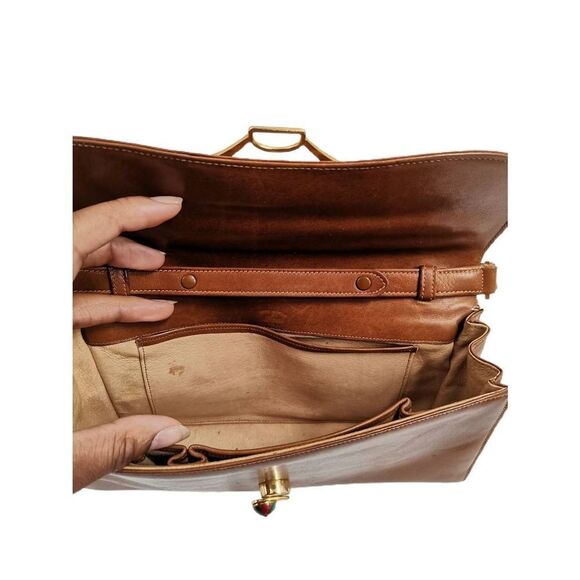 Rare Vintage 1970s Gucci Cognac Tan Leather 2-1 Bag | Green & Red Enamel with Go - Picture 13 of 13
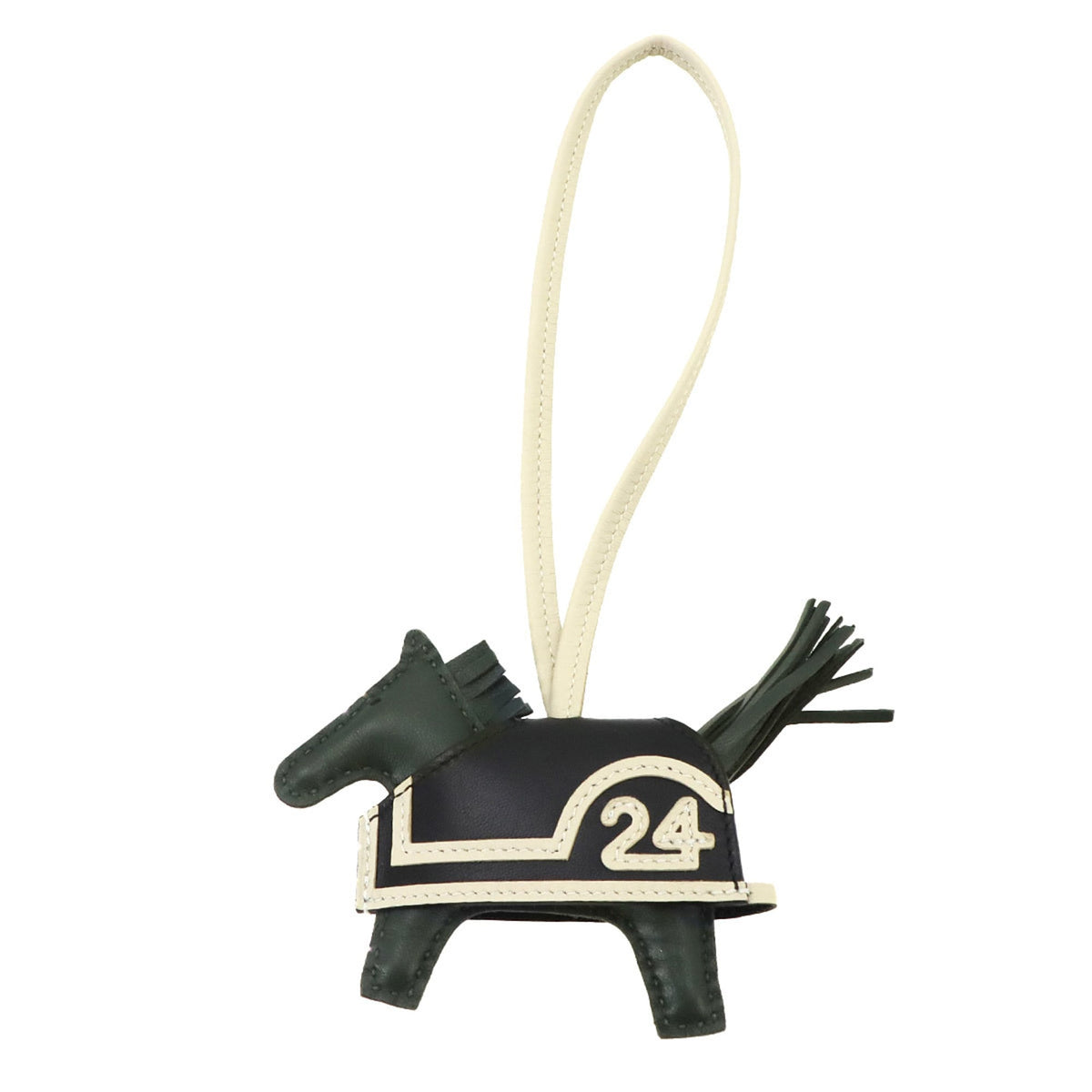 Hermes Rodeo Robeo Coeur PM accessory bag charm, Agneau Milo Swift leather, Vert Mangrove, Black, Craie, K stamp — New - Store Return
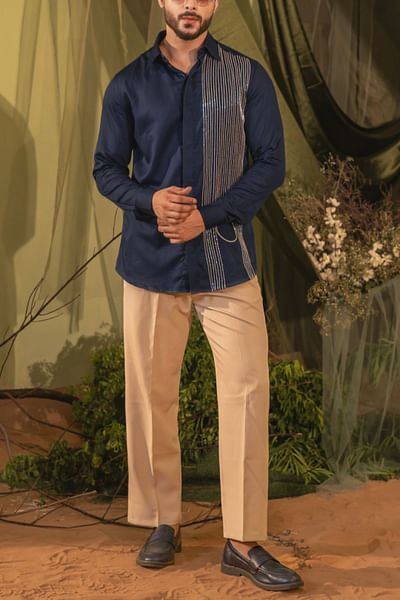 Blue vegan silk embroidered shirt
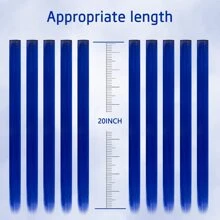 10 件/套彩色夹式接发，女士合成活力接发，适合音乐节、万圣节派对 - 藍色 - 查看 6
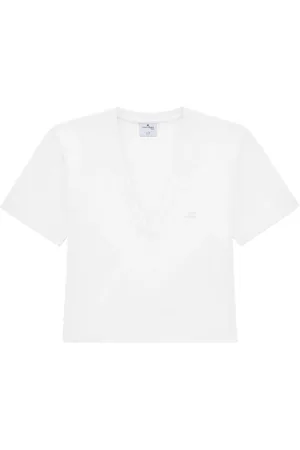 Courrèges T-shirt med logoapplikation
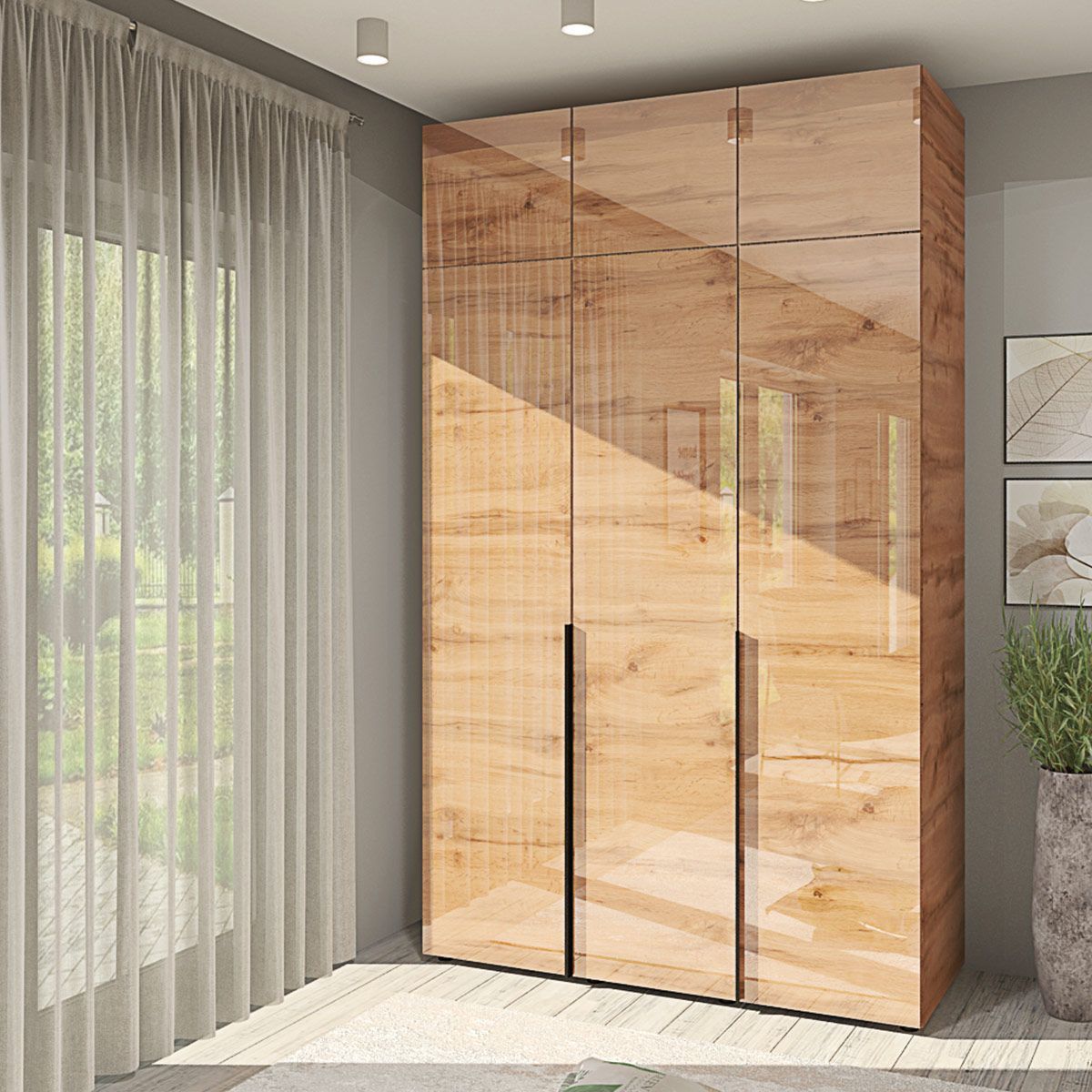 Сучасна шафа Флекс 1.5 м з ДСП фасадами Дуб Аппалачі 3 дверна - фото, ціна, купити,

What is being asked:
Where an entry includes a picture, drop it, and print the rest of the material word for word.

Response area:
 Rare Vintage 1970s Gucci Cognac Tan Leather 2-1 Bag | Green & Red Enamel with Go - Picture 13 of 13
 Hermes Rodeo Robeo Coeur PM accessory bag charm, Agneau Milo Swift leather, Vert Mangrove, Black, Craie, K stamp — New - Store Return
 Blue vegan silk embroidered shirt
 10 件/套彩色夹式接发，女士合成活力接发，适合音乐节、万圣节派对 - 藍色 - 查看 6
 Courrèges T-shirt med logoapplikation
 Сучасна шафа Флекс 1.5 м з ДСП фасадами Дуб Аппалачі 3 дверна - фото, ціна, купити,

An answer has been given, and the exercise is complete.